Omalizumab–IgE binding population PK/PD model

Omalizumab is a humanized anti-IgE IgG1 monoclonal antibody used in moderate-to-severe atopic asthma. It interrupts the allergic cascade by binding free serum IgE, lowering its concentration, and downmodulating FcεRI on basophils and mast cells. Hayashi et al. (2007) developed a mechanism-based population PK/PD model in 202 Japanese subjects (single- and multiple-dose studies 1101 and 1305) that describes three serum entities — free omalizumab, free IgE, and the omalizumab–IgE complex — each with their own clearance and volume of distribution, coupled by an instantaneous-equilibrium binding step (law of mass action) with a concentration-dependent dissociation constant. Body weight modifies omalizumab CL and Vd; baseline IgE modifies IgE CL and IgE production rate. The model was externally validated against 531 White patients (studies 007/008/009).

Population

The model-building dataset comprises 202 Japanese subjects from two clinical studies (Hayashi 2007 Table 1):

Study Indication n (used) Design Body weight (kg) Baseline IgE (ng/mL)
1101 Healthy atopic volunteers 48 Single SC dose 75–375 mg 62.5 ± 6.4 (51–79) 811 ± 473 (204–2143)
1305 Seasonal allergic rhinitis (Japan) 154 Multiple SC dosing per the body-weight × IgE table (Table 2) 60.5 ± 10.2 (42–101) 373 ± 317 (53–1316)

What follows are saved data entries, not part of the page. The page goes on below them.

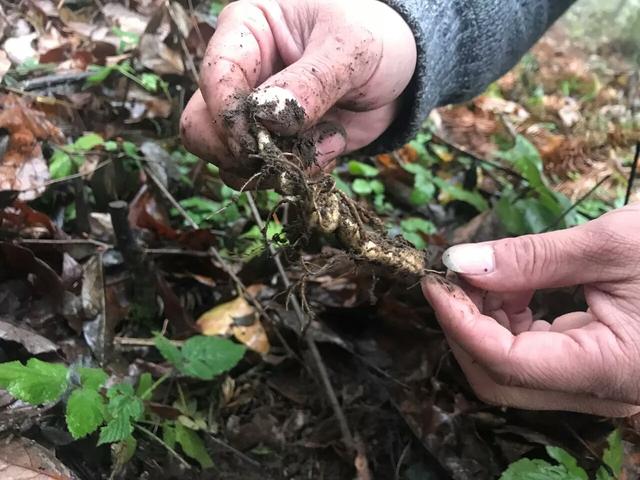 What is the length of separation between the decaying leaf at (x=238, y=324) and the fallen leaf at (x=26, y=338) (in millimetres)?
439

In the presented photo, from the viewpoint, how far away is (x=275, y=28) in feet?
4.69

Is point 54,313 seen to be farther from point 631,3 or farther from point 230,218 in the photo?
point 631,3

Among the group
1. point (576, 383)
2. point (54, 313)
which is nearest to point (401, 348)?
point (576, 383)

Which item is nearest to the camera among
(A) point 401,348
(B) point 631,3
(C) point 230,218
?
(A) point 401,348

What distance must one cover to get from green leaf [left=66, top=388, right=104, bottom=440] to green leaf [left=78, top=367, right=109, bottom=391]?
0.02 metres

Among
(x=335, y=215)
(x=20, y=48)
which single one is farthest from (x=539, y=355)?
(x=20, y=48)

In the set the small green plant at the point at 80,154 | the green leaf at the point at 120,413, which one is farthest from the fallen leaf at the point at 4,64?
the green leaf at the point at 120,413

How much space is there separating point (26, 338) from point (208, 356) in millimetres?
437

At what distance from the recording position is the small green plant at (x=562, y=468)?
45.3 inches

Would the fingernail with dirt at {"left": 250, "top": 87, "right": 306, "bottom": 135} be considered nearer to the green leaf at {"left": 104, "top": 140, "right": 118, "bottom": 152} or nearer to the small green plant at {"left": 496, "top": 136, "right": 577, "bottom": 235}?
the green leaf at {"left": 104, "top": 140, "right": 118, "bottom": 152}

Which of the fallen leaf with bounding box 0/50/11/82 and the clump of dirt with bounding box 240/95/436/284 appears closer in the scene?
the clump of dirt with bounding box 240/95/436/284

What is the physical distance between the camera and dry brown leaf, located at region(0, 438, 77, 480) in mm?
1009

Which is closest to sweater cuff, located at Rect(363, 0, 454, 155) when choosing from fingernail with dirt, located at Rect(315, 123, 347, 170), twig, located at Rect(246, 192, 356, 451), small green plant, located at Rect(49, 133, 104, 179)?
fingernail with dirt, located at Rect(315, 123, 347, 170)

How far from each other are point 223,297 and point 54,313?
1.60 ft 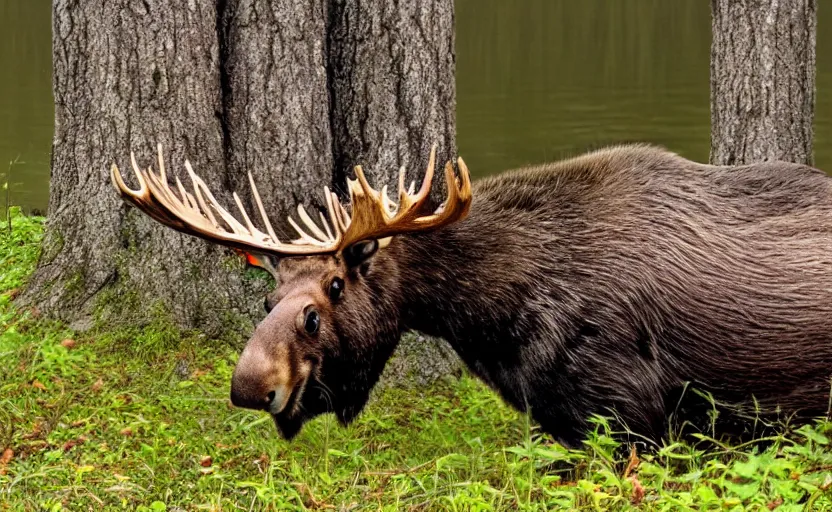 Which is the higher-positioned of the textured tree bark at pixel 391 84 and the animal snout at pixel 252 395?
the textured tree bark at pixel 391 84

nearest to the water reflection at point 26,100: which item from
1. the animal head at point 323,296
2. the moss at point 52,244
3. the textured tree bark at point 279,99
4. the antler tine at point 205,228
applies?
the moss at point 52,244

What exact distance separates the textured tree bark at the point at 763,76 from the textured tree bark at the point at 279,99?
348 cm

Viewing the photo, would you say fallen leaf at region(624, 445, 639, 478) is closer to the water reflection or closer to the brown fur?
the brown fur

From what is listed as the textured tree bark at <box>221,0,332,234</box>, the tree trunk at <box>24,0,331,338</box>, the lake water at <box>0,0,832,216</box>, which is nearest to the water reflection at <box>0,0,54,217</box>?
the lake water at <box>0,0,832,216</box>

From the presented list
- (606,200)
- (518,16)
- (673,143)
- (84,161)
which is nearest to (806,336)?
(606,200)

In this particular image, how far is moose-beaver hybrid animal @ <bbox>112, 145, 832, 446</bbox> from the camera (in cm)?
505

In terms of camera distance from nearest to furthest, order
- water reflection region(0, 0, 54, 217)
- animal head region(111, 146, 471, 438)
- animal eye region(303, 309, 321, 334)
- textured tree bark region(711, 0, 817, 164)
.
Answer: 1. animal head region(111, 146, 471, 438)
2. animal eye region(303, 309, 321, 334)
3. textured tree bark region(711, 0, 817, 164)
4. water reflection region(0, 0, 54, 217)

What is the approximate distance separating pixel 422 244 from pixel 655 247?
0.99m

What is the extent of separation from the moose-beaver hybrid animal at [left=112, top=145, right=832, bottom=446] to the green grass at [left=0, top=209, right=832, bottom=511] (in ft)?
0.75

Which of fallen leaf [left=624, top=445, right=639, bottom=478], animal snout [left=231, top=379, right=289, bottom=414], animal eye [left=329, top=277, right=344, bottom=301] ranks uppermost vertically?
animal eye [left=329, top=277, right=344, bottom=301]

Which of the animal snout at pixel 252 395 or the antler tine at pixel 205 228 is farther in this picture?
the antler tine at pixel 205 228

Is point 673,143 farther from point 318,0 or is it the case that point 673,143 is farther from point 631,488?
point 631,488

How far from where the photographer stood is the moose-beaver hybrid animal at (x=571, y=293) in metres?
5.05

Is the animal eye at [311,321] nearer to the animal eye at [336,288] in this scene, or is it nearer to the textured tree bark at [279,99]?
the animal eye at [336,288] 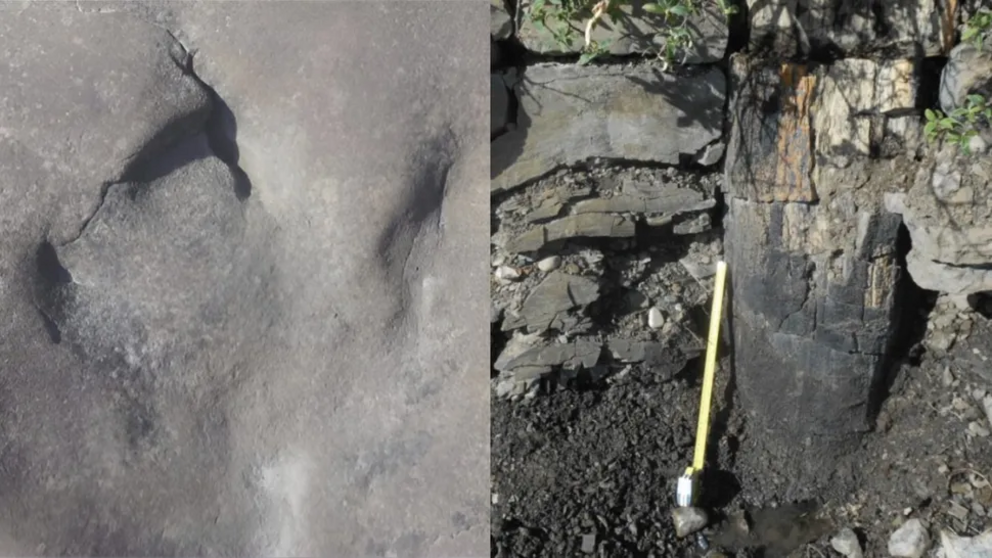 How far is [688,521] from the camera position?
1818mm

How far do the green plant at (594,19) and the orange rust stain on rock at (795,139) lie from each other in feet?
0.53

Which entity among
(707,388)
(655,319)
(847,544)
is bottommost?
(847,544)

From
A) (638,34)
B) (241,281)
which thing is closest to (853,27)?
(638,34)

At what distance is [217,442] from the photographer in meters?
1.45

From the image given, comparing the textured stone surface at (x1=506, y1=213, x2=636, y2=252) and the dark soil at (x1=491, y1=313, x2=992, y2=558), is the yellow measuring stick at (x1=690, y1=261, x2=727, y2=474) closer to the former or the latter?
the dark soil at (x1=491, y1=313, x2=992, y2=558)

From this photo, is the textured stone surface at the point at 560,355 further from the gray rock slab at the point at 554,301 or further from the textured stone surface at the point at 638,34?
the textured stone surface at the point at 638,34

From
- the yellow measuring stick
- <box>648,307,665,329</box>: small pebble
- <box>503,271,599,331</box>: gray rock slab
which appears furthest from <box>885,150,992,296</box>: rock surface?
<box>503,271,599,331</box>: gray rock slab

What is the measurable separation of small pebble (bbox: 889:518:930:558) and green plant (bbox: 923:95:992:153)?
69 cm

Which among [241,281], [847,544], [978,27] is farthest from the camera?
[847,544]

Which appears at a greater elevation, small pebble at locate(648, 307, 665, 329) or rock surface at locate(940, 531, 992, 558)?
small pebble at locate(648, 307, 665, 329)

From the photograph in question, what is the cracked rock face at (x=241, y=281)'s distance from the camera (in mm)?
1404

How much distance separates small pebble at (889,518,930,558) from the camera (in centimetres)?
176

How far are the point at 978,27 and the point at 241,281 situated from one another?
4.08 ft

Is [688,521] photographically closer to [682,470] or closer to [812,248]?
[682,470]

A total of 3192 observation records (1037 omalizumab, 1191 total IgE, 964 free IgE) were included; 275 free-IgE values above the 150 ng/mL upper limit of quantification were excluded. The same metadata is available programmatically through readModelDb("Hayashi_2007_omalizumab")$population.

Source trace

Per-parameter origin is recorded as in-file comments next to each ini() entry in inst/modeldb/specificDrugs/Hayashi_2007_omalizumab.R. The table collects them for review.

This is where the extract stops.